Sturgill Simpson reveals Merle Haggard co-write on newest album

At the stroke of midnight, Sturgill Simpson released without notice his newest album, Cuttin’ Grass, Volume 2: The Cowboy Arms Sessions.  For the album, he brought together “The Hillbilly Avengers” again that is filled with an all-star cast of musicians.  Just like the previous album, they were revisiting and reinterpreting Sturgill’s musical selections in the style he originally tried when he moved to Nashville in 2005.  With previous albums, he has proven that he cannot be categorized into just one genre.  In fact, he won Best Country Album with the Grammy awards and is currently nominated for Best Rock Album for Sound & Fury.

“On Volume 2, we recorded everything I was too afraid to do on Volume 1,” says Simpson in the note to fans upon the release. “For that one, everything was more conventional bluegrass, sort of straight down the middle. But as a benefit of the musicians all getting to know each other and feeling more comfortable, we took more chances and felt more like a band.
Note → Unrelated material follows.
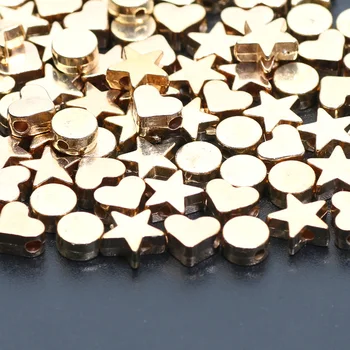 Акрилни мъниста 6-8 мм Златен цвят Love Heart Star Кръгли мъниста-подпори CCB за бижута направи си САМ Бижута, перли, Аксесоари ръчна изработка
That gave me the confidence to come in with songs that I was a little more worried how they would translate to bluegrass—but weirdly, it just underscored that, in the end, I guess I’m just a bluegrass songwriter.”

These bluegrass albums may seem to be a tribute to his family, particularly his grandparents who instilled the knowledge of bluegrass music.  in fact, his grandfather, Ora Simpson, is credited as the Executive Producer of the album. “It’s a shame he never got to hear this,” says Simpson, “because he would have loved it”). Over the summer, producer David Ferguson chased down some of the best bluegrass players in Nashville, and they knocked out the first Cuttin’ Grass album in a few days.”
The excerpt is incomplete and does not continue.